LSI = pH + temperature factor + calcium factor + alkalinity factor − a TDS constant. The three factors come from the NSPF/industry standard lookup tables (each reading maps to a factor), and the TDS constant is 12.1 for traditional pools or 12.2 for saltwater pools. If you enter cyanuric acid, the calculator first subtracts its share from your alkalinity (see below) so the alkalinity factor uses true carbonate alkalinity. Just slide in your readings and read the result.

Does cyanuric acid (CYA) affect the LSI?

Yes, indirectly. A total-alkalinity test also titrates cyanurate, so CYA makes your TA read higher than the carbonate alkalinity the LSI actually depends on. The fix is to subtract the cyanurate portion before computing the alkalinity factor — roughly a third of your CYA at typical pH, and the exact share rises with pH. Enter your CYA above (it’s optional) and this calculator does that correction for you, which matters most for high-stabilizer pools (CYA 80+ ppm), where ignoring it makes the water look more scaling than it really is.

How do I raise or lower my LSI?

LSI rises with higher pH, alkalinity, calcium, and temperature, and falls when any of those drop. To raise a corrosive (negative) LSI, the usual levers are increasing alkalinity (sodium bicarbonate) or calcium hardness (calcium chloride). To lower a scaling (positive) LSI, lower pH with acid first — it’s the fastest, safest lever. Change one factor at a time and re-test.

Why does water temperature change the LSI?
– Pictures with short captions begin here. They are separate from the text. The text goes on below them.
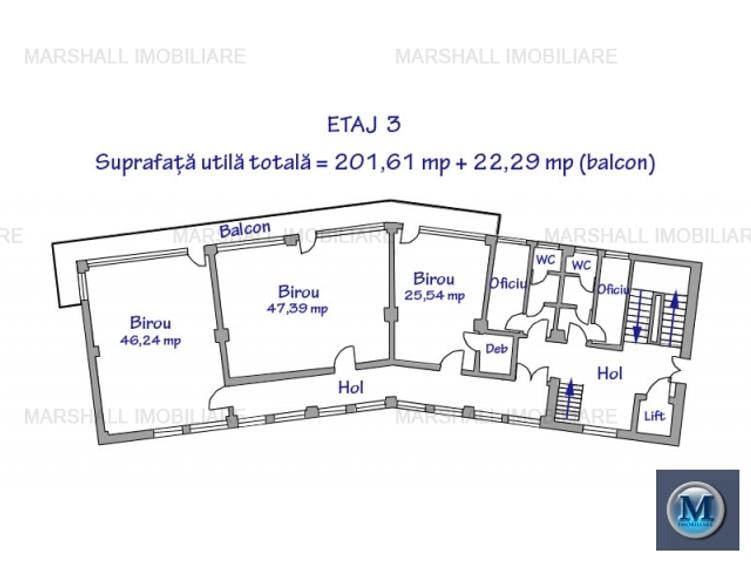 Spatiu birouri de inchiriat, zona Ultracentral, 407.31 mp #11158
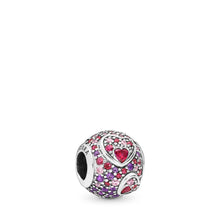 Load image into Gallery viewer, Pandora Asymmetric Hearts of Love Charm, Red &amp; Pink CZ, Royal Purple Crystals
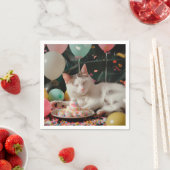 Schattige Cat Verjaardagsviering Ontwerp Servet (Insitu)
Calcium carbonate is less soluble in warm water, so warmer water scales more easily — a heated spa at 100 °F can be scaling at the same chemistry that’s perfectly balanced in a 60 °F pool. That’s why the same pool can swing from corrosive in winter to scaling in summer, and why temperature is part of the formula.
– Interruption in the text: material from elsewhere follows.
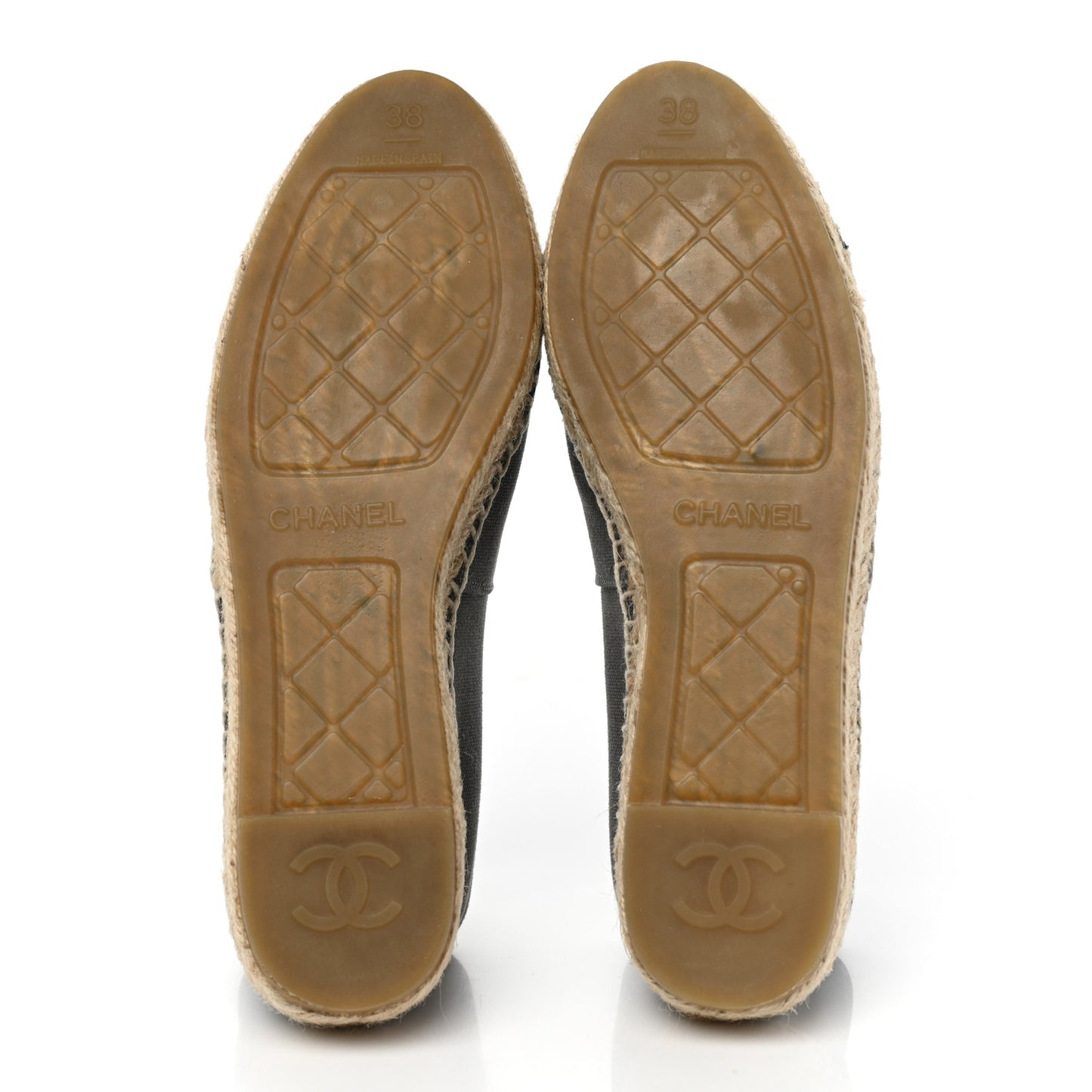 Canvas Grosgrain CC Espadrilles 38 Grey Black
Is the LSI different for saltwater pools?

The chemistry is identical, but saltwater pools carry more total dissolved solids, which slightly shifts the constant in the formula (12.2 instead of 12.1). Toggle “Saltwater” above and the calculator accounts for it. Salt cells also tend to drive pH up over time, so salt pools are especially prone to scaling if you don’t keep pH and alkalinity in check.

How often should I check my pool’s LSI?

For most pools, recompute the LSI whenever you do a full water test — about once a week in swim season, and any time you add a chemical that moves pH, alkalinity, or calcium. Because temperature is part of the index, it’s also worth re-checking at the seasonal extremes: the same chemistry that’s balanced in spring can turn scaling in the heat of summer or corrosive in cold water. Heated pools and spas, which run warm and lose pH control faster, deserve a more frequent look.

Does the LSI matter for vinyl-liner and fiberglass pools?

It matters most for plaster, pebble, tile, and grouted surfaces, because a negative (corrosive) LSI literally dissolves the calcium out of them. Vinyl-liner and fiberglass pools have no cement surface to protect, so they tolerate a low LSI better — but balance still matters: a scaling (positive) LSI deposits calcium on the liner, ladders, heater, and salt cell, and corrosive water still attacks metal parts and equipment. Keeping the LSI near zero protects the equipment even when the shell itself is forgiving.

What happens if I ignore a bad LSI?

Unbalanced water does its damage slowly, then suddenly. Sustained corrosive (negative) water etches and roughens plaster, dissolves grout, pits metal, and can leave the water permanently cloudy as it leaches calcium. Sustained scaling (positive) water lays down hard calcium-carbonate deposits on surfaces, inside heaters and filters, and on salt cells, cutting their efficiency and lifespan. Neither is an emergency on day one, but months out of range lead to expensive resurfacing and equipment repairs — which is exactly what keeping the LSI between −0.3 and +0.3 prevents.